:: Task item ::
Please leave out pictures and print exactly the lines from the one that has "May include: An" through the last line of the material below.

:: Records ::
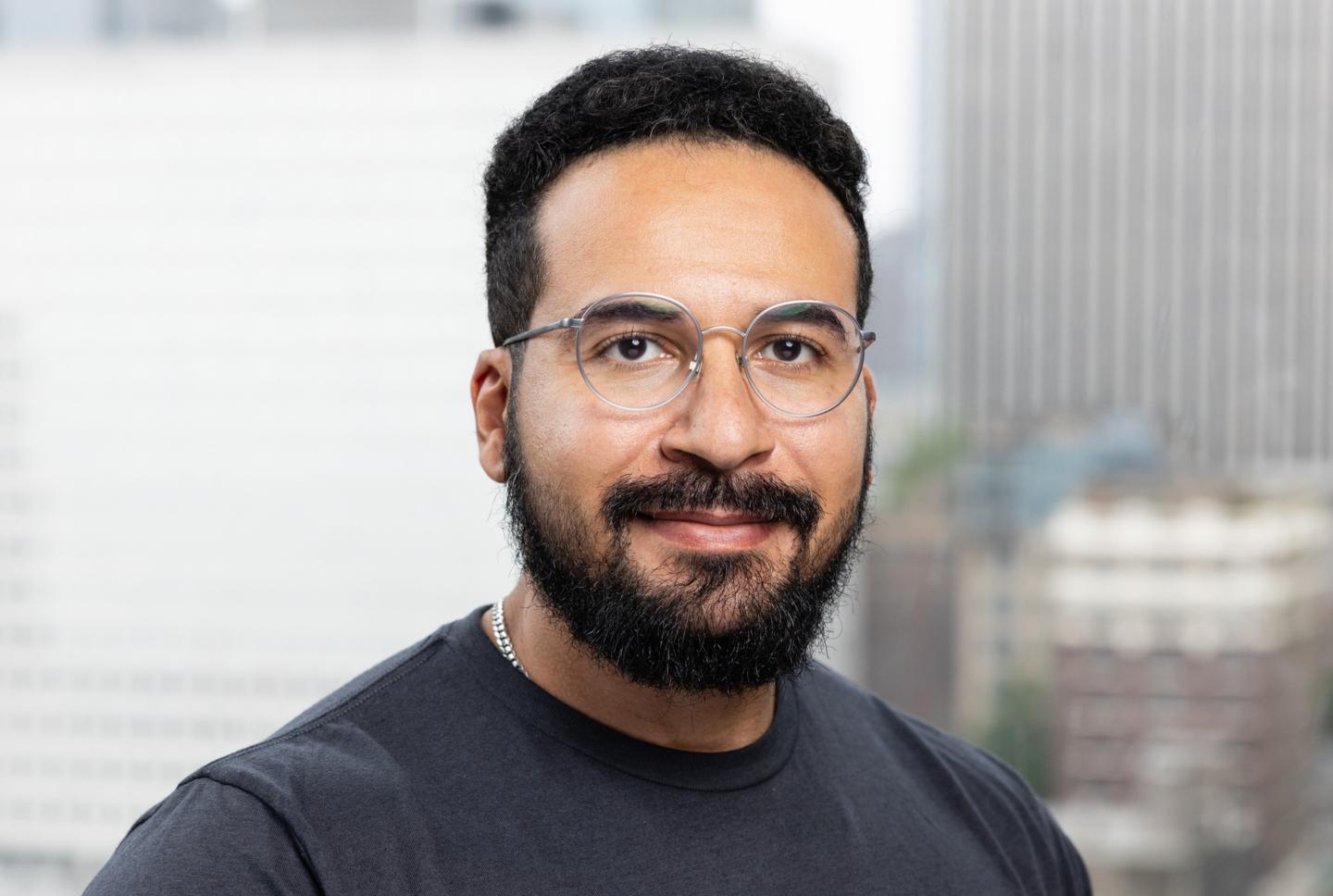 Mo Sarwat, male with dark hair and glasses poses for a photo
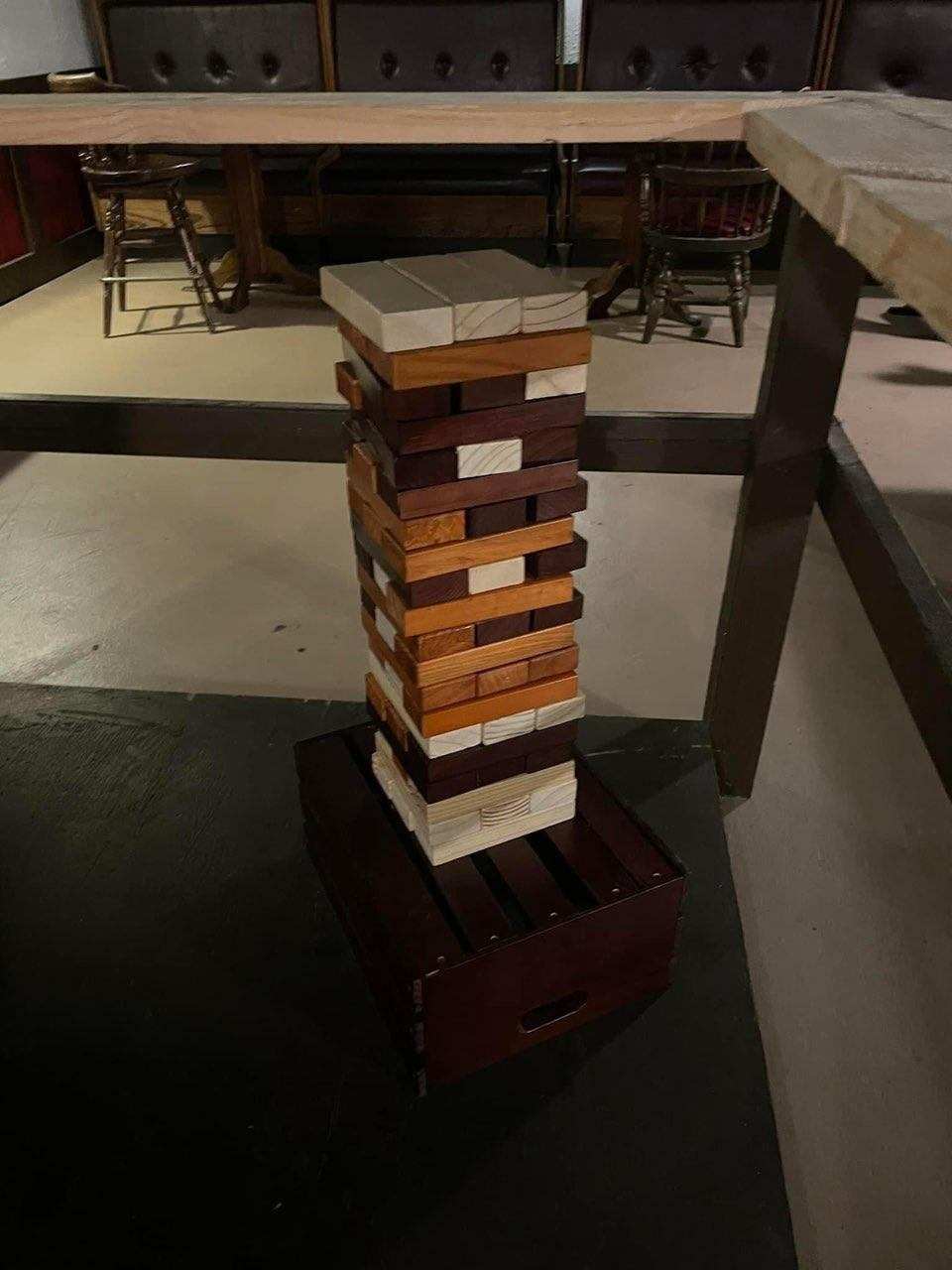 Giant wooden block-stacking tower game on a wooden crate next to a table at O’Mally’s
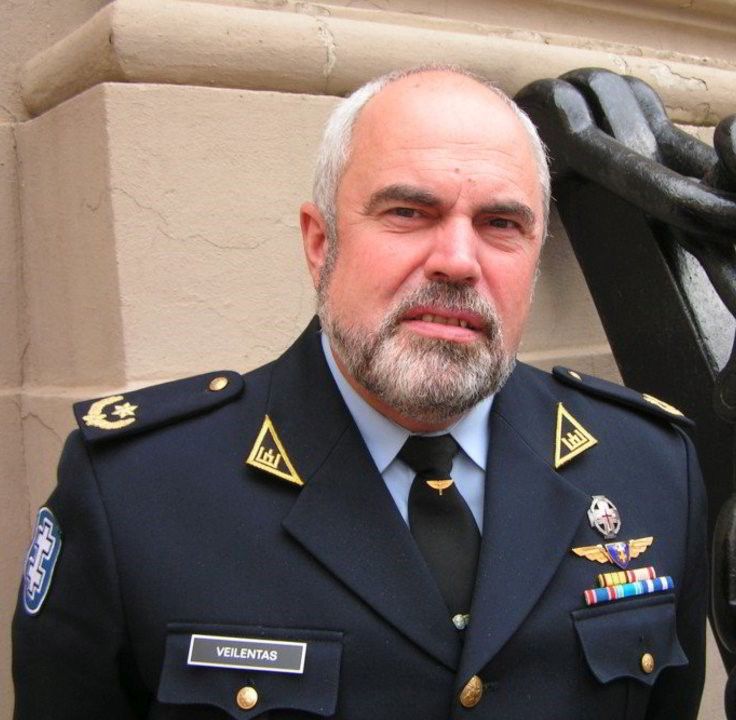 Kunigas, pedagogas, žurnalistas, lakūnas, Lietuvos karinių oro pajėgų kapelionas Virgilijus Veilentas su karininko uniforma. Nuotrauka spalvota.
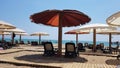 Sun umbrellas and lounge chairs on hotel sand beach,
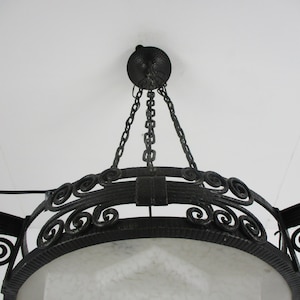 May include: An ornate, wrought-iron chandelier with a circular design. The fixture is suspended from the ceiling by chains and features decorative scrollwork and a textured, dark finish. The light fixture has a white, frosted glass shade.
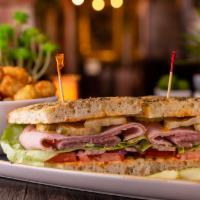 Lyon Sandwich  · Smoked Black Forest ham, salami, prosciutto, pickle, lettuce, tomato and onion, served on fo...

:: Output of the exercise ::
 May include: An ornate, wrought-iron chandelier with a circular design. The fixture is suspended from the ceiling by chains and features decorative scrollwork and a textured, dark finish. The light fixture has a white, frosted glass shade.
 Lyon Sandwich  · Smoked Black Forest ham, salami, prosciutto, pickle, lettuce, tomato and onion, served on fo...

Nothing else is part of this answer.